Following the fall of the authoritarian regime on 5 August 2024, through a student–people’s uprising, the families of the disappeared began filing complaints with the Commission of Inquiry on Enforced Disappearances. This revealed to the public the true extent of the crime. A report by the Commission noted that enforced disappearances were carried out through a “three-tier pyramid,” at the top of which was the “strategic leadership” — including former Prime Minister Sheikh Hasina, then Defence Adviser Tarique Ahmed Siddique, the former Home Minister, and other senior officials of the Awami League government. Additionally, there was a secret and unlawful prisoner exchange programme between the intelligence agencies of Bangladesh and India, under which victims of enforced disappearance were taken to India and held there.
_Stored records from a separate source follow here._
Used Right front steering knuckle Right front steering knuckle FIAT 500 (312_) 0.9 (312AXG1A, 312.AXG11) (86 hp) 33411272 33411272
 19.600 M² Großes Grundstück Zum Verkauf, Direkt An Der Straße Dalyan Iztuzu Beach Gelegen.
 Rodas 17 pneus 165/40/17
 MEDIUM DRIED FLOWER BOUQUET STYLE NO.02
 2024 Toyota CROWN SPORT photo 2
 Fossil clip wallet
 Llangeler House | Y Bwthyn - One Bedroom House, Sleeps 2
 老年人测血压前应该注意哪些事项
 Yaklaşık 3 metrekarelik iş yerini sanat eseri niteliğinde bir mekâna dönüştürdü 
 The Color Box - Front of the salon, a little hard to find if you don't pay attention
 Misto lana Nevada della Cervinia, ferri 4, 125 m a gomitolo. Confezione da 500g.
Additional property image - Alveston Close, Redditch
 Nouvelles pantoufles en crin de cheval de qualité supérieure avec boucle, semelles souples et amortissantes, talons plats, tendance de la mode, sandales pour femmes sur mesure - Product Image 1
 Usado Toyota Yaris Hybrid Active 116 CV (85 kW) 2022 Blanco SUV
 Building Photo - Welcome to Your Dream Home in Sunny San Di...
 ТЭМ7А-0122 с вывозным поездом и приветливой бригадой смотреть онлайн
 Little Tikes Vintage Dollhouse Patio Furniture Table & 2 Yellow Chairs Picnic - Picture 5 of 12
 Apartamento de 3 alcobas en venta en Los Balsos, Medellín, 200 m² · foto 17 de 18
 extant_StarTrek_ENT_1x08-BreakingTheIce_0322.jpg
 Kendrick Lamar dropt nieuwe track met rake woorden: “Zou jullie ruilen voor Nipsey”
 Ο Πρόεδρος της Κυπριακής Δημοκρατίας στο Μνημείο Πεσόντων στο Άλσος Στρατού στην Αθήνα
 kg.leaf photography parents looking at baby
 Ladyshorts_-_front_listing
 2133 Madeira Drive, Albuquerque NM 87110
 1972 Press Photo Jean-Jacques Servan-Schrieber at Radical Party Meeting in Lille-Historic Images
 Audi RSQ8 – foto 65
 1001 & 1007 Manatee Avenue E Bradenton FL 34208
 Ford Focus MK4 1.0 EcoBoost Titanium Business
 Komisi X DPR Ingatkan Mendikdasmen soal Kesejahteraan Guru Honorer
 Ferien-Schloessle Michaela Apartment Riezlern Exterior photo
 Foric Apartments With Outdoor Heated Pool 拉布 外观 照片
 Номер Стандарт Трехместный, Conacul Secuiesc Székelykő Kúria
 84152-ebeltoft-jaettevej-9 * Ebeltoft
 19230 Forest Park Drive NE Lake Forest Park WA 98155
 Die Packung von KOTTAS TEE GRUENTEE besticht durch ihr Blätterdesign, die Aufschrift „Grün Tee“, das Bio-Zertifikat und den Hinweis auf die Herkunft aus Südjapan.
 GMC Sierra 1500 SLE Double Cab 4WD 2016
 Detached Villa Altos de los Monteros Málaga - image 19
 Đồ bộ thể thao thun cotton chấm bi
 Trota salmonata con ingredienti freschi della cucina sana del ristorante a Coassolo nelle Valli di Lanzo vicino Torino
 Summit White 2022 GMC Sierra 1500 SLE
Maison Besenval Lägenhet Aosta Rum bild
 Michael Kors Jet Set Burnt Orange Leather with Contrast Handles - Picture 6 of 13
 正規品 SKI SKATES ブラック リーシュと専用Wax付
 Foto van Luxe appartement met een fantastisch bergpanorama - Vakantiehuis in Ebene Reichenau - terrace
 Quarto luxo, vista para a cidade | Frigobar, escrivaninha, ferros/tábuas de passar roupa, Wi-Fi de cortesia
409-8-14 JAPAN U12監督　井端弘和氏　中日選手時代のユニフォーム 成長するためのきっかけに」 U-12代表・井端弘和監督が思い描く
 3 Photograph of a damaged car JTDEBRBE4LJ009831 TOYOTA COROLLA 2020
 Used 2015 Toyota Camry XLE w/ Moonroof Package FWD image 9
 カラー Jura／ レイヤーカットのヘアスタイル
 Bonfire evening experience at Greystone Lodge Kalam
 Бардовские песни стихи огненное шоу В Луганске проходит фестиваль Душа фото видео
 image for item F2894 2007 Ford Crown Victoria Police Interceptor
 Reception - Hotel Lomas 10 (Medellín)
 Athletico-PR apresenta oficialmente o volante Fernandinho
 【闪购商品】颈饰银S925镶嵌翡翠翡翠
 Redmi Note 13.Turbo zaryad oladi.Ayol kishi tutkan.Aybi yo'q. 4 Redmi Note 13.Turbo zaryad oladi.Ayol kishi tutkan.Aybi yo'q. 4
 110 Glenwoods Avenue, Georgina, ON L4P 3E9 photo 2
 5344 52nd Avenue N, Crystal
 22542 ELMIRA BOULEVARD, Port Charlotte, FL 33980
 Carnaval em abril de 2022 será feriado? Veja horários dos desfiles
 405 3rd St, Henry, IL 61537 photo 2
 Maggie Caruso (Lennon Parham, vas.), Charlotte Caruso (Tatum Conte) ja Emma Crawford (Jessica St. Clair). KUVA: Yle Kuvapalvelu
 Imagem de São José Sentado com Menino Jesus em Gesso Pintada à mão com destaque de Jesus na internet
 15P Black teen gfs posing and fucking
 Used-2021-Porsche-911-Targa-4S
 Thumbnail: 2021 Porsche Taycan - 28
Although enforced disappearances have not occurred under the current interim government, Odhikar warns that if the spirit of the July Uprising is not upheld and a democratic state is not established, such crimes against humanity will continue in the future. Therefore, Odhikar calls upon the people of Bangladesh, regardless of political affiliation, to unite in order to implement the ongoing reform initiatives spearheaded by the interim government and the Commissions formed by it.
The Asian Federation Against Involuntary Disappearances, Fortify Rights and Odhikar demand that the interim government:
- Disclose to the public the fate of all victims of enforced disappearance who have not yet returned.
- Ensure that the wives and children of those who are still missing are able to manage the disappeared person’s bank accounts and use, transfer, or sell their movable and immovable property.
- Since some of the disappeared were taken to India and later recovered, initiate diplomatic communication with the Government of India to determine whether more victims are being held there.
- Withdraw all fabricated cases against those who have reappeared after being disappeared, and release those imprisoned on the basis of false testimony or confessions extracted through torture, including those sentenced to death by lower courts.
- Bring all perpetrators of enforced disappearances under the law and prosecute them in the International Criminal Court.
- Enact a specific law addressing enforced disappearances without delay.